Objectives: We evaluated the roles of biomarkers of immune activation with carotid intima-media thickness (CIMT) progression in treated HIV infection.
Design: Longitudinal observational study of 118 treated and virologically suppressed individuals.
Methods: We measured biomarkers of immune activation at baseline using cryopreserved samples. CIMT was measured at baseline and longitudinally using high-resolution ultrasound. Linear regression was used to estimate biomarker associations with CIMT progression, and logistic regression was used to model plaque progression.

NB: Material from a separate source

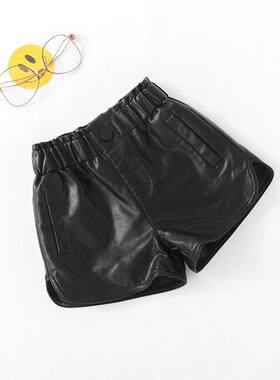 女童皮短裤外穿秋冬2020新款pu
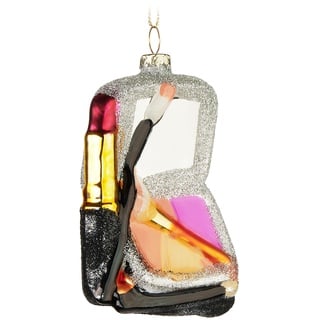 BRUBAKER Make-Up Set - Handbemalte Weihnachtskugel aus Glas - 9 cm Baumkugel Glitzer Schminkset mit Spiegel, Pinsel und Lippenstift - Mundgeblasener Christbaumschmuck für Frauen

Results: The median duration of follow-up was 2.0 years. The median annual rate of change in mean CIMT was 6.0%. Rates of progression were more rapid in the bifurcation (5.6%/year, P = 0.006) and internal (6.5%/year, P = 0.0008) than common CIMT (4.3%/year). Incident plaque occurred in 13 of the 52 individuals without baseline plaque. In multivariable adjusted analysis, plasma tissue factor and monocyte chemoattractant protein-1 were associated with more rapid common CIMT progression (0.058 mm/year, P = 0.0004 and 0.067 mm/year, P = 0.017; all estimates per doubling). CD8 T-cell count and percentage of HLA-DRCD38CD8 T cells were associated with more rapid internal CIMT progression (0.10 mm/year, P = 0.008 and 0.054 mm/year, P = 0.045). CD8 T-cell count was also associated with 0.068 mm/year more rapid mean CIMT progression (P = 0.011). Each 10% increase in CD4 T-cell count at baseline was associated with a 34% reduced odds of plaque progression (P = 0.018).
Conclusion: Residual immune activation and plasma tissue factor are independently associated with CIMT progression in treated HIV infection. Interventions targeting coagulation and inflammatory pathways to reduce cardiovascular disease risk in HIV merit additional investigations.